▸ **TASK TO CARRY OUT**
Copy out the data word for word. The images are not part of the copy.

● ● ● ● ●

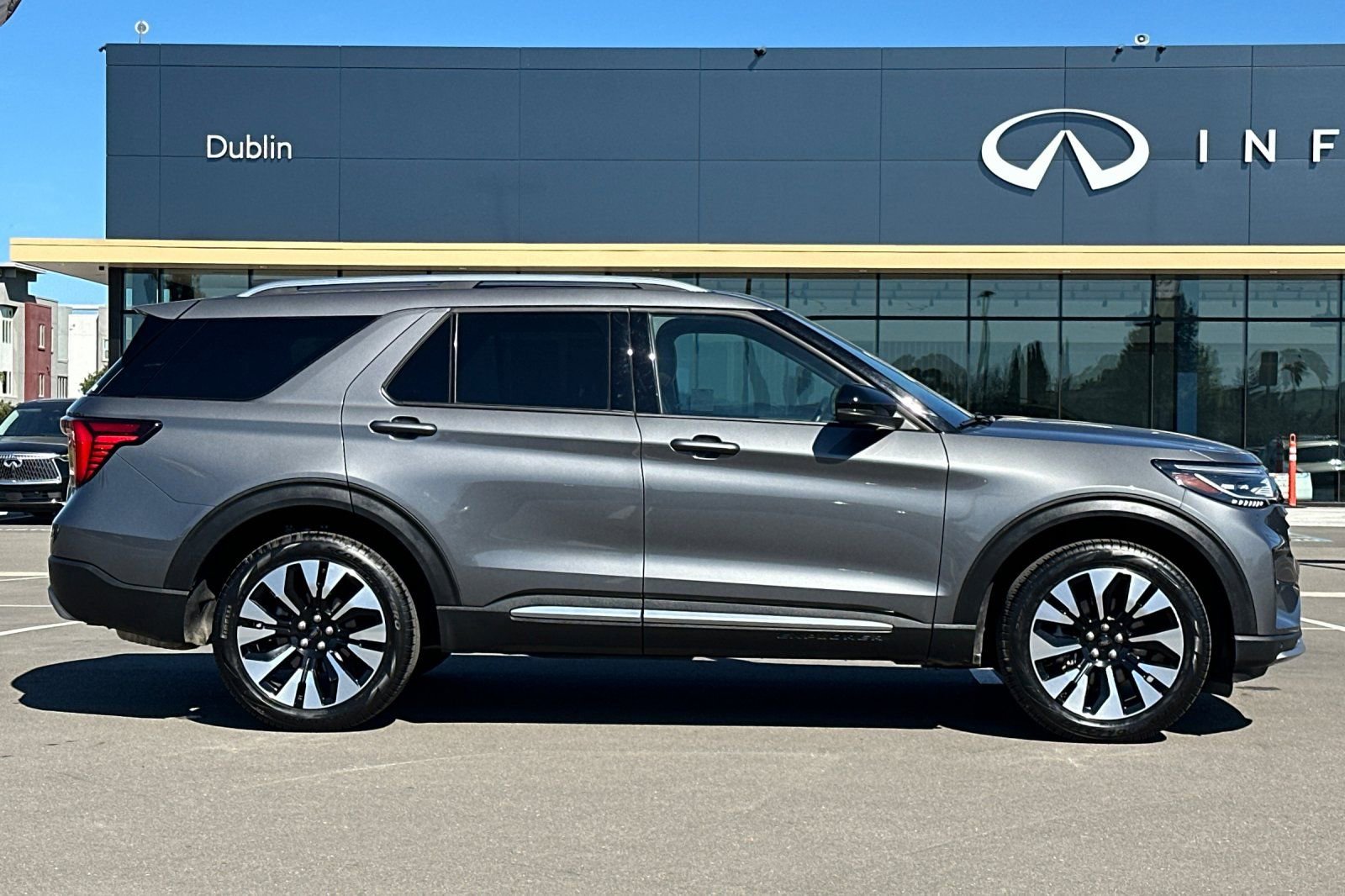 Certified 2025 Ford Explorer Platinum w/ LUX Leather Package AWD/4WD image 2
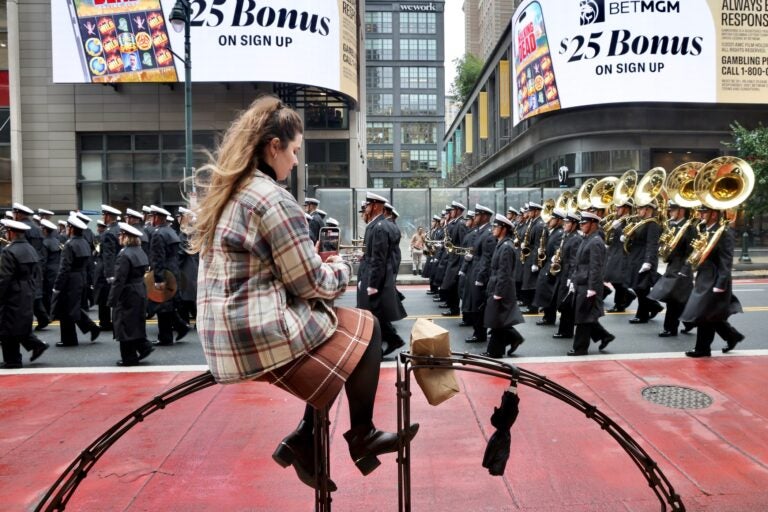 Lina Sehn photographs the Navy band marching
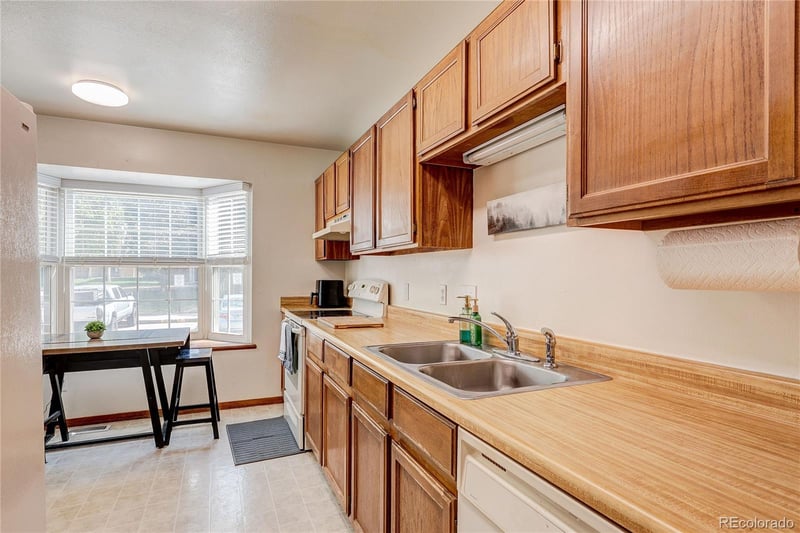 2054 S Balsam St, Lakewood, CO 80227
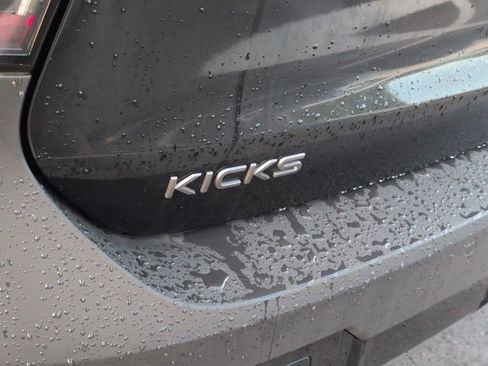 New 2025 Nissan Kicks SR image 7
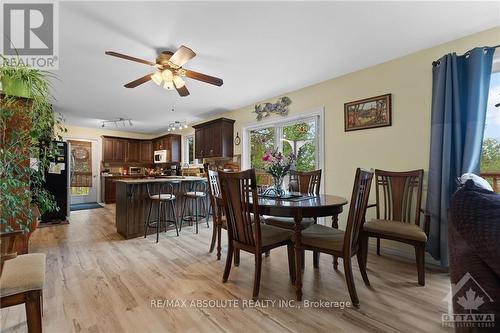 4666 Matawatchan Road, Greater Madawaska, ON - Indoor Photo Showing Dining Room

● ● ● ● ●

▸ **SOLVED EXERCISE**
 Certified 2025 Ford Explorer Platinum w/ LUX Leather Package AWD/4WD image 2
 Lina Sehn photographs the Navy band marching
 2054 S Balsam St, Lakewood, CO 80227
 New 2025 Nissan Kicks SR image 7
 4666 Matawatchan Road, Greater Madawaska, ON - Indoor Photo Showing Dining Room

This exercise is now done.